Now, if that is my van, then I am very upset with that turkey that ran into my van. And my reaction is going to be, “You can’t be that dumb. You’ve got to look where you’re going.” And then I’m going to find out the inevitable. He has no insurance, and my sanctification will flee further from my grasp. And then I’m going to take it to the body shop and the guy won’t match the paint properly and I’ll get it back and it’ll have a big streak. And then I’ll be upset with him, and then I’ll be going down the street like this because the frame was bent and you can’t fix that. And that’ll wear out my tires, and that’ll cost me money, and I will be very upset.
But, you see, that’s not my van. So if somebody runs into that van, I’m just going to say, “Lord, You should be careful how You take care of Your van. Sorry this happened to Your van. I hope You have the resources to get it all fixed.”
I have to deal with things in my life either from my perspective or His, as long as it’s His I don’t worry. They came running into John Wesley one day and they said, “Mr. Wesley - ” Wesley, who was away from home. “Terrible tragedy. Your house burned down.” He said, “You’re wrong.” They said, “No, no. Your house burned down.” He said, “No. That isn’t true.” They said, “Well you, we’re telling you your house burned down.” And he said, “Well, I hear what you’re saying, but it’s not mine, it’s the Lord’s, and frankly it’s one less responsibility for me to worry about.” I think that’s the approach. But that is not what we’ve been taught. That is not what we’ve been taught.

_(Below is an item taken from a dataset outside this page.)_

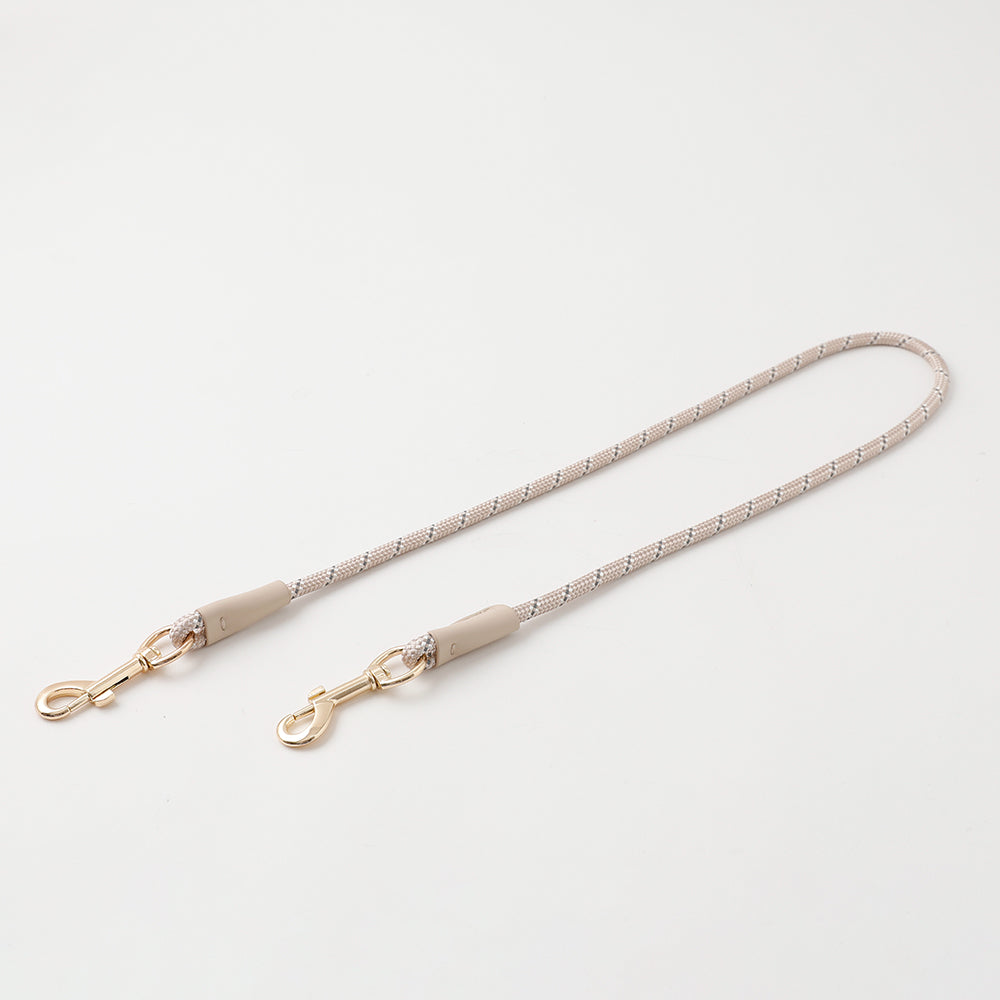 Mixed color reflective splicing lead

The accumulation of self-owned property is the legacy of the world to us, and we need to break that understanding. We don’t own anything. I don’t own my house, my car, my children, I don’t own anything. Therefore, that has some spin offs that are tremendous. Therefore, if I lose something, I didn’t really lose it because I never owned it anyway. If somebody else needs it, they’re just as welcome to it as I am because I don’t own it, the Lord does, and if the Lord knows they need it it’s theirs.
I mean, if everything that I have is shifted to somebody else that’s not my problem. The Lord’s going to have to take some from somebody to meet my need. But I have to begin with the comprehension that God owns everything. But this is a problem for us in America because this whole concept of capitalism has been such an American legacy to us, and we’re willing to stand up and fight for it so much that we forget that it isn’t a Christian principle, at all.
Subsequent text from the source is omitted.